Deep learning is a fascinating field where superhuman performance can be achieved on several applications. However, not too long ago, working with images at scale was a luxury only large tech companies could afford. Besides the substantial computing power required to build a performant system, the software tools used were exclusive to those who had studied the craft for several years.
Throughout time, the power of deep learning has arrived in the hands of the masses: High-level libraries like Keras turned mathematically complex operations in straightforward commands. Stiff competition in cloud computing has brought us infinite and comparably cheap computing power onto everyone's laptops and phones. Finally, transfer learning has revolutionized the way we think about training neural networks to unseen levels of accuracy.
"Easy" and "simple" can mean very different things for different people: A world-class musician will be able to pick up new instruments with relative ease and quickly advance. The same goes for technology – if the above sounds straightforward to you, chances are that you are a software engineer or data scientist already. However, it is more likely that you are neither of the two.
We are building colabel with people in mind who are similar to you: People who understand what an image classifier does and how it can be used in a business context but lack the time and/or ability to build one from scratch. Because the interesting part is not the mechanical process of building the classifier itself. It is what you do with it.
Define the problem. This is where many people struggle because the task at hand appears as too big and complicated in order for something as simple as image classification can make a difference. Unless you already know how to make use of it, it usually helps to break the problem into smaller pieces: Many processes can be significantly simplified through classification, be it through sorting files to a folder, identifying certain characteristics, triggering an alert or maybe just rotating the image.
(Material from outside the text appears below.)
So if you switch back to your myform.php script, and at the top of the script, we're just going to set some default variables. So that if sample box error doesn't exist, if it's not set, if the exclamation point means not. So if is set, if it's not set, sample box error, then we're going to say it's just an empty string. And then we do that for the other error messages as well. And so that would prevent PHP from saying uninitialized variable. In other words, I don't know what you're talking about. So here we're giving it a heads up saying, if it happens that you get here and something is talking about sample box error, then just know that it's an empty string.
Sounds too simple? If you have ever rotated a few images on a Windows PC, you know the damage it does for a few thousand.
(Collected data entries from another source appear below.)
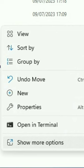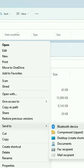Select 'Show more options.' Select 'Send to.' Select 'Bluetooth device.'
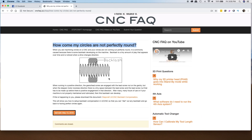You'll find that some of these FAQs are going to have videos, some will have links to documentation, and some will have files to download. There are a lot of resources here and we add to it almost every day.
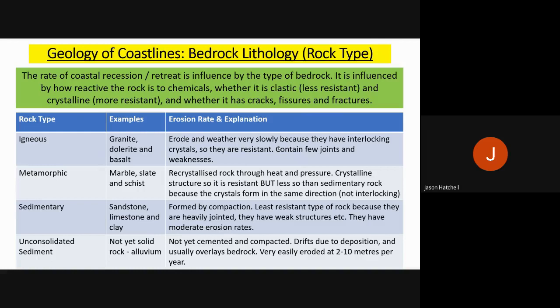Sedimentary rocks are the least resistant type of rock structure and have moderate erosion rates. Unconsolidated material or sediment is basically not yet solid rock — lots of sand, for example, put together. This material can move and drift and is very easily eroded at around two to ten metres per year. Think of a beach when you think of unconsolidated material.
Get and label your data. The next question revolves around getting and labeling your data. A few questions to consider: Do you have immediate access to it? Is there some way to automate the workflow later on, e.g. through automation tools like Zapier? If so, chances are high that you are really onto something. If not, investing time on this part pays handsome dividends. The best image classifier (or really any machine learning model) is only worth little if the data needs to be touched by hand. This is not to say that there will be no value at all – it will just be many times higher in an automated setting.
Labeling the data is a topic on its own. In some cases, data is already labeled in the right way. For instance, files may be neatly sorted in their respective folders or have been renamed in a useful way. Even if data needs to be labeled, fear not: Modern image classifiers require around 100 examples per class. Going back to the rotation example, one might choose "left", "upside down", "right" and "correct", which would require around 400 files to get started with. If all you need are the ones that are not correct, we are down to 200 only.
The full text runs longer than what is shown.